Data records =
---------------

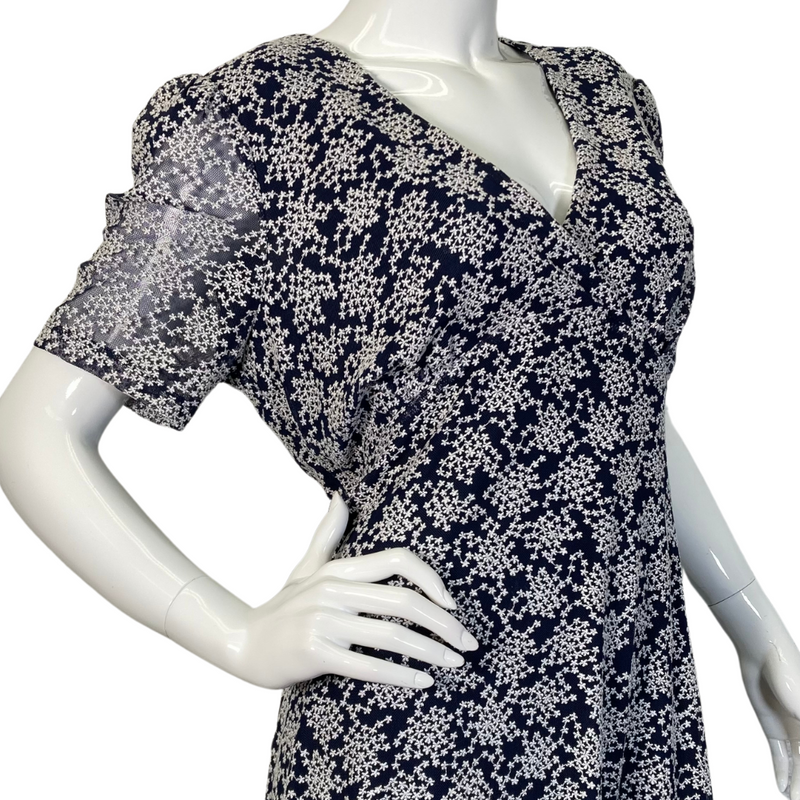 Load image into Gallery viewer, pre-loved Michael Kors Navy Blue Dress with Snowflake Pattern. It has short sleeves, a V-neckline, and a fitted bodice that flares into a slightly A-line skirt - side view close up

---------------

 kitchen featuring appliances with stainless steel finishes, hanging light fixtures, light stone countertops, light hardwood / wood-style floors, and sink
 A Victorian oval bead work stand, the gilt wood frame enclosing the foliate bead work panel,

---------------

Requirement =
Show every line of the listing containing the string "wood" by copying it.

Solution to this problem =
 kitchen featuring appliances with stainless steel finishes, hanging light fixtures, light stone countertops, light hardwood / wood-style floors, and sink
 A Victorian oval bead work stand, the gilt wood frame enclosing the foliate bead work panel,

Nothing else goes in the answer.